# Alder Cones vs. Giant Sequoia Cones



## Duque (Nov 19, 2012)

Hi Everyone.

I'm a complete noob to planted aquariums and shrimp husbandry. I've never even dated a shrimp.

My question has two parts:

1.) Why do people use alder cones in their shrimp tanks? I've heard mention of lowering Ph and the tanin's keeping fungus away. Still, nothing really substantive. 
Why are they used? The same goes for various dried leaves from India and other places....

2.) I'm growing thousands of Giant Sequoias and Coast Redwoods in VIRGINIA. Yes, they WILL grow here. When I'm in California, I collect my own cones and thus, get seeds. The Alder cone and the Sequoia cone are almost identical in size and appearance. Giant Sequoias have a high tanin concentration. That (and a thick bark) are the the reasons they haven't succumbed to various insects. If tanins and Ph influence are key reasons to use alders, why not Giant Sequoias?
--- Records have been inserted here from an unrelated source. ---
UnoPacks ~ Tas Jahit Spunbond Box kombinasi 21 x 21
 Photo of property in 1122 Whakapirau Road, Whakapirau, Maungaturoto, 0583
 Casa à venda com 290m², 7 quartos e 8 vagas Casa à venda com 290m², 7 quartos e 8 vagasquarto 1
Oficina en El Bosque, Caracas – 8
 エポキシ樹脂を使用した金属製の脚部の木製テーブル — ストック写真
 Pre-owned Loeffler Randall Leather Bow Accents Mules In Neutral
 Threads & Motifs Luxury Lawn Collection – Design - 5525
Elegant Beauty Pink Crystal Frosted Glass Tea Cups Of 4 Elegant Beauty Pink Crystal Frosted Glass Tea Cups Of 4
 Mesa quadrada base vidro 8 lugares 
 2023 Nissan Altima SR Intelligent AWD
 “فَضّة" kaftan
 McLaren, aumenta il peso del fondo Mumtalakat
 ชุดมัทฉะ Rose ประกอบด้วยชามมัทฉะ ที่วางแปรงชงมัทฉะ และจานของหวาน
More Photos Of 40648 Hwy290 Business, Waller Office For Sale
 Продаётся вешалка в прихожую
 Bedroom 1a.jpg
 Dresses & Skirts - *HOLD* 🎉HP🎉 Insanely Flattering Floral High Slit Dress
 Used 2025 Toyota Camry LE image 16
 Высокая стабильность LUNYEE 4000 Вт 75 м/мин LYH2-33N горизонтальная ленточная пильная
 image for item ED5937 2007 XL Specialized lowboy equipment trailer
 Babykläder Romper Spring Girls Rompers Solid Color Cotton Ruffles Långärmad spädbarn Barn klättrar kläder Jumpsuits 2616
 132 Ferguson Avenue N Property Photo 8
Can anybody enlighten me on the use of alder cones and the possibility of using Giant Sequoia cones as a substitute?

Thank you!


----------



## gundaman (Feb 24, 2013)

I use them in all my tanks, haven't noticed any ph difference or tannin leaks.


----------



## Duque (Nov 19, 2012)

Hi Gundaman.

WHY do people use alder cones? They're almost as prolific as Indian almond leaves.


----------



## greenglow (Nov 6, 2012)

my understanding is that it provides a natural grazing area for shrimp, and something about the chemical make up of the cones/ almond leafs add stuff to the water that promotes shrimp health. i do not use them so i cant comment further


----------



## barakainus (Jun 11, 2009)

one reason alder cones are used in tanks might be because they grow in europe and giant sequoias don't. most of these advices are pretty old stuff from times everything in aquarium field came from old books (that were mostly from European aquarists).
my advice is mostly - just try it!


----------



## Duque (Nov 19, 2012)

Thanks for the advice. I'll do a shrimp genocide test on my cherries.


----------



## Badlands54 (Dec 31, 2012)

1.) Why do people use alder cones in their shrimp tanks? I've heard mention of lowering Ph and the tanin's keeping fungus away. Still, nothing really substantive. 
Why are they used? The same goes for various dried leaves from India and other places....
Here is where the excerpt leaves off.